STEREOPHONIC AUDIO REARRANGEMENT BASED ON DECOMPOSED TRACKS
20220386062 · 2022-12-01
Inventors
Cpc classification
H04S1/002
ELECTRICITY
G10H2210/056
PHYSICS
H04S2420/01
ELECTRICITY
H04S7/302
ELECTRICITY
H04S2400/11
ELECTRICITY
International classification
H04S7/00
ELECTRICITY
Abstract
The present invention provides a method for processing audio data, comprising providing input audio data containing a mixture of different timbres, decomposing the input audio data to generate decomposed data representing a predetermined timbre selected from the timbres contained in the input audio data, determining a set point position of a virtual sound source outputting the predetermined timbre relative to a position of a virtual listener, and generating stereophonic output data based on the decomposed data and the determined set point position.
Claims
1. Method for processing audio data, comprising providing input audio data containing a mixture of different timbres, decomposing the input audio data to generate decomposed data representing a predetermined timbre selected from the timbres contained in the input audio data, determining a set point position of a virtual sound source outputting the predetermined timbre relative to a position of a virtual listener, generating stereophonic output data based on the decomposed data and the determined set point position.

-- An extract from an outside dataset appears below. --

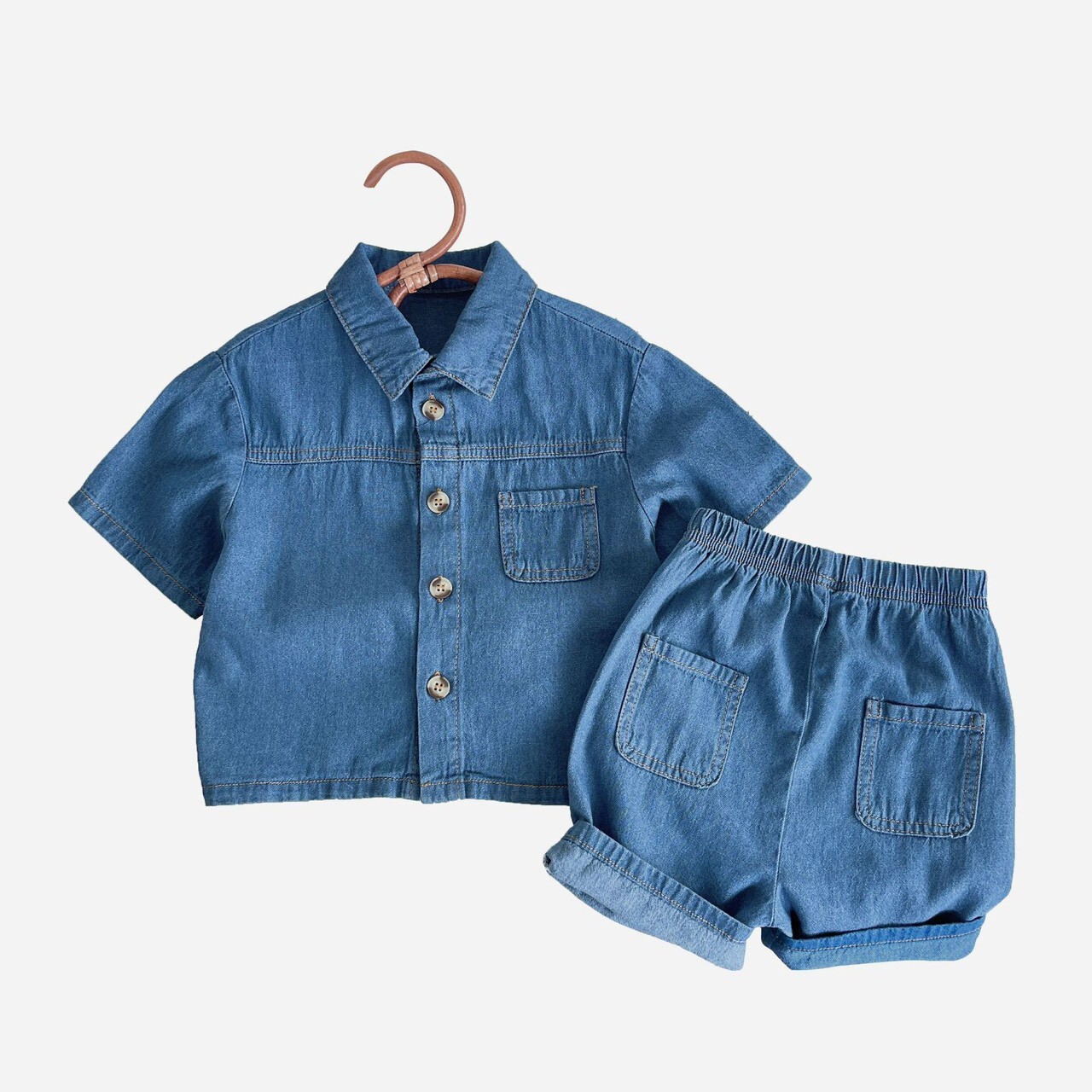 LINE_ALBUM_202643_260403_40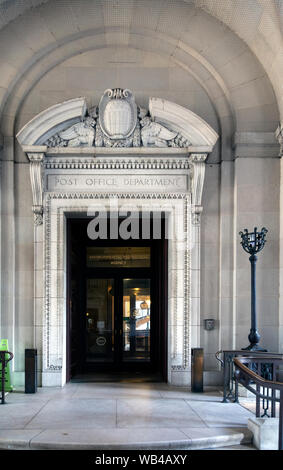 Tür am Haupteingang der U.S. EPA Hauptsitz; William Jefferson Clinton Federal Building auf 12th Street, N.W., Washington, D.C. Die Inschrift über der Tür ist Post Abteilung. Das Gebäude war das Hauptquartier der US-Post bis 1971. (Die Farbe aus dem Original angepasst.) Original Bildunterschrift: äußere Tür an der William Jefferson Clinton Federal Building im Federal Triangle in Washington, D.C., auf 12th Street von der Alten Post und Häuser der U.S. Environmental Protection Agency. Stockfoto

2. Method of claim 1, wherein determining stereophonic output data includes spatial effect processing of audio data obtained from the decomposed data, wherein a parameter of the spatial effect processing is set depending on the determined set point position, and/or applying a time shift processing to audio data obtained from the decomposed data, wherein the time shift is set depending on the determined set point position.
3. Method of claim 1 or claim 2, wherein the stereophonic output data containing at least left channel output data adapted to be played by a left loudspeaker, and right channel output data adapted to be played by a right loudspeaker, wherein the left channel output data include left channel component data obtained from the decomposed data and the right channel output data include right channel component data obtained from the decomposed data, and wherein a time difference and/or an intensity difference between the left channel component data and the right channel component data is based on the set point position of the virtual sound source relative to the virtual listener.
4. Method of at least one of claims 1 to 3, further comprising a step of reducing localization information from the input audio data and/or from the decomposed data, wherein reducing localization information preferably includes at least one of (1) reducing or removing reverberation and (2) transforming stereophonic audio data to monophonic audio data.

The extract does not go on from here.